### [HOW TO COMPLETE THIS TASK]
Repeat, exactly as written, the lines of the records below from the first through the line with "A single bed", but none past it.

### [SOURCE INFORMATION]
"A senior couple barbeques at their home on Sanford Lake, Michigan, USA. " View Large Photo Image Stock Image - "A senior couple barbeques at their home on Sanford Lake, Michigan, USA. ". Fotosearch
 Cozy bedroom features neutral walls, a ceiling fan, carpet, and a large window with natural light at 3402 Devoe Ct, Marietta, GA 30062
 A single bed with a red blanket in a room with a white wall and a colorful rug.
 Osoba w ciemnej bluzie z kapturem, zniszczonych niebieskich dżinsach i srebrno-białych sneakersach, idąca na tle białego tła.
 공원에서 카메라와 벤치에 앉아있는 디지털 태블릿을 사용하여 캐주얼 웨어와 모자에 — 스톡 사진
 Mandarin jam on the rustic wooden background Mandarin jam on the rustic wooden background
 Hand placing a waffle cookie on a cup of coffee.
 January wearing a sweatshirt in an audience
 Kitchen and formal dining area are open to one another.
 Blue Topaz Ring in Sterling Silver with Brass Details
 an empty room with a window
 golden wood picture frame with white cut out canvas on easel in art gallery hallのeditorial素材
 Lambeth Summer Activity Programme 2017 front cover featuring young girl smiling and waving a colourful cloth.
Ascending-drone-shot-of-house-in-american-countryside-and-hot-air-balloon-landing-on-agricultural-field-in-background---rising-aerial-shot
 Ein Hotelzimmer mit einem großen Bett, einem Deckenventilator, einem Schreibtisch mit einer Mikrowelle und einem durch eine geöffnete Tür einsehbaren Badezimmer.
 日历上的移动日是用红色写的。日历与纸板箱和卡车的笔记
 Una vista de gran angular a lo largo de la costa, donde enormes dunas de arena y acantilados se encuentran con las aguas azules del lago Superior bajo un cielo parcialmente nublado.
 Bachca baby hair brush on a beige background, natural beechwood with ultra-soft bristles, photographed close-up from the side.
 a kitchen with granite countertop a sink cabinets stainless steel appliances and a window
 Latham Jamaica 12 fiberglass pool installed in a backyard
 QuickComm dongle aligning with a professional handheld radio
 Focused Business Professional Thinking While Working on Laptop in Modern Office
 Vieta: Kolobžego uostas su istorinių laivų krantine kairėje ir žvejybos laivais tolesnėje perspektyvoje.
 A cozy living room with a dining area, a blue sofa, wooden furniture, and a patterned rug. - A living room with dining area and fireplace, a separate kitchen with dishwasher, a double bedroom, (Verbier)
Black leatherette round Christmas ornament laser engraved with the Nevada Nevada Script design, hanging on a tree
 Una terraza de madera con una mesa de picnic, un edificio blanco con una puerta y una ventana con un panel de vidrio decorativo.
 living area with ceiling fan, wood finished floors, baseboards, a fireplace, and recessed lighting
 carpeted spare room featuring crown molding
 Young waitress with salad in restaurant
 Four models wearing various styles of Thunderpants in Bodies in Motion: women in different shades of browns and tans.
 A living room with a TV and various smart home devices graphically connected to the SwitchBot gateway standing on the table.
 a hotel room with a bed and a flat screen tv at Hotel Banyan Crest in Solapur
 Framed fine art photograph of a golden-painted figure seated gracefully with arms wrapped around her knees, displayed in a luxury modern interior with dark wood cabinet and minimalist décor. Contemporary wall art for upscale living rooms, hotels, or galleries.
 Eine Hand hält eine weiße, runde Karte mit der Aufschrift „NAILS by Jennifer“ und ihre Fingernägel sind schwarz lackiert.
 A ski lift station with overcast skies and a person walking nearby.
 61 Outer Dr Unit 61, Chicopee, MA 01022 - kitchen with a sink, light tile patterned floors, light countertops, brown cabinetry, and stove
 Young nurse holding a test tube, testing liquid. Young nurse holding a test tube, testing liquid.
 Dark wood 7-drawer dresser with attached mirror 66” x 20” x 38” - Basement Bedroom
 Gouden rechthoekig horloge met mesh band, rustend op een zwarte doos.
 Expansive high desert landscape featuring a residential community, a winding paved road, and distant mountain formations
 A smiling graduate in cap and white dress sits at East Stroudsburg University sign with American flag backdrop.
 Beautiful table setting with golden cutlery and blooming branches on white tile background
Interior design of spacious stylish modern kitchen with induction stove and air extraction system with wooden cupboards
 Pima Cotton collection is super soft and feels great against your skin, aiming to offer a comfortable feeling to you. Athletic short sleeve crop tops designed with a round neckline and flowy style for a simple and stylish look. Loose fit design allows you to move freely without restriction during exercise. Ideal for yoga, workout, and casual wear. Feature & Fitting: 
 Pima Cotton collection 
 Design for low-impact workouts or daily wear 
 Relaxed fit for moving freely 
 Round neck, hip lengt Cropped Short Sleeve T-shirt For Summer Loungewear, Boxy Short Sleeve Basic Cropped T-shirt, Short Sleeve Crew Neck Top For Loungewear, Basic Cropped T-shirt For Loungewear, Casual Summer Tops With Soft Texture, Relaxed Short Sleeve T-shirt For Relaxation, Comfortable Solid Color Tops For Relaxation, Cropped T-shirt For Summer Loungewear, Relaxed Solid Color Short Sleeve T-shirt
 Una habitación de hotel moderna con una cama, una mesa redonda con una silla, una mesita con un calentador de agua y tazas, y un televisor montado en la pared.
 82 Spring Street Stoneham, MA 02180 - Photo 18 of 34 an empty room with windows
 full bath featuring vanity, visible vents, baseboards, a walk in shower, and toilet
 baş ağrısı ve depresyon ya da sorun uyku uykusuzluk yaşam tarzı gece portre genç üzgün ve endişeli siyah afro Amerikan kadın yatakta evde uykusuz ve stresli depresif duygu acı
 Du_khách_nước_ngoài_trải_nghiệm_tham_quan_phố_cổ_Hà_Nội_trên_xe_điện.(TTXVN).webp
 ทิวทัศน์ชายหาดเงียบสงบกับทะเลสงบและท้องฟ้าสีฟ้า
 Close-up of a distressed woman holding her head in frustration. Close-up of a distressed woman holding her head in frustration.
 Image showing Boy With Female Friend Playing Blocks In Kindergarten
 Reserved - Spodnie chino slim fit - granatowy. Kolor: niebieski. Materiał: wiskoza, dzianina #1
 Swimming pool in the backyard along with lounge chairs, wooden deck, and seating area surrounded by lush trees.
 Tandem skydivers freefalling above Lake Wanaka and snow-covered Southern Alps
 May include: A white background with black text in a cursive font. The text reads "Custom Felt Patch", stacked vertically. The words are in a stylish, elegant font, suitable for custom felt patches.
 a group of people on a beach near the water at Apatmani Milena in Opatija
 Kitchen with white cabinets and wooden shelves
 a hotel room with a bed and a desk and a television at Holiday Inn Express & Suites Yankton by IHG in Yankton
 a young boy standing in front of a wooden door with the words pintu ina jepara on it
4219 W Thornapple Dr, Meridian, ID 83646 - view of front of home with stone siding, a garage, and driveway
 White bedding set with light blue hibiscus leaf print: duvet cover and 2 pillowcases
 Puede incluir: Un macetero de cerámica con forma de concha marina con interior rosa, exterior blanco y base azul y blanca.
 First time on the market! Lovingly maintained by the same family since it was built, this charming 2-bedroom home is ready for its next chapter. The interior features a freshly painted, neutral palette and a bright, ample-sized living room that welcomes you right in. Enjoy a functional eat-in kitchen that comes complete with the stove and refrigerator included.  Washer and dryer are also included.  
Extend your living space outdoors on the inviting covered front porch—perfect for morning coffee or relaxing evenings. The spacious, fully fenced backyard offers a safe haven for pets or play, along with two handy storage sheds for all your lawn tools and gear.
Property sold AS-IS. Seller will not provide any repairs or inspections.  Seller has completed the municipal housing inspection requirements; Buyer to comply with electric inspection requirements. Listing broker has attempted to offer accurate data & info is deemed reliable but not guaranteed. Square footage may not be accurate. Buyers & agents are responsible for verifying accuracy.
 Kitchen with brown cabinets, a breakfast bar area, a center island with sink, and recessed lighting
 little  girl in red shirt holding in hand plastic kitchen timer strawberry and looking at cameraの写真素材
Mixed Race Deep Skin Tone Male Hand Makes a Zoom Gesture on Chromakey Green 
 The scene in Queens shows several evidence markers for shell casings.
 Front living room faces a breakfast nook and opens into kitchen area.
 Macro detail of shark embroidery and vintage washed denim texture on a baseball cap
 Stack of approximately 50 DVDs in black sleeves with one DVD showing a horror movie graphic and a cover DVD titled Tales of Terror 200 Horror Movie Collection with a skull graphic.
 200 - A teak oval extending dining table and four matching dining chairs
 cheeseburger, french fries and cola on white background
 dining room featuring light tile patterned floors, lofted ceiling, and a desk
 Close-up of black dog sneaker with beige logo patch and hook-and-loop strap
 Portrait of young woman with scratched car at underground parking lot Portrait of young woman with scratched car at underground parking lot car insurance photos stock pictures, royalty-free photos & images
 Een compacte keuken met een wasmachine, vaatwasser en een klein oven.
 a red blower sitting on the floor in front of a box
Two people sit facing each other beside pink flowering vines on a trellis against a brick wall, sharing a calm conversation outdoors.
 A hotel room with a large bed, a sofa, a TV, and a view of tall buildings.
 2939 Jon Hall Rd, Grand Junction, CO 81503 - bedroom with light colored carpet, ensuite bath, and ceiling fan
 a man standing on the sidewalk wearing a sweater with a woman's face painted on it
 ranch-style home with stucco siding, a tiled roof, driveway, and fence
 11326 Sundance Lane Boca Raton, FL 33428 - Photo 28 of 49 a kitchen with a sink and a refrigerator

### [FINISHED TASK]
"A senior couple barbeques at their home on Sanford Lake, Michigan, USA. " View Large Photo Image Stock Image - "A senior couple barbeques at their home on Sanford Lake, Michigan, USA. ". Fotosearch
 Cozy bedroom features neutral walls, a ceiling fan, carpet, and a large window with natural light at 3402 Devoe Ct, Marietta, GA 30062
 A single bed with a red blanket in a room with a white wall and a colorful rug.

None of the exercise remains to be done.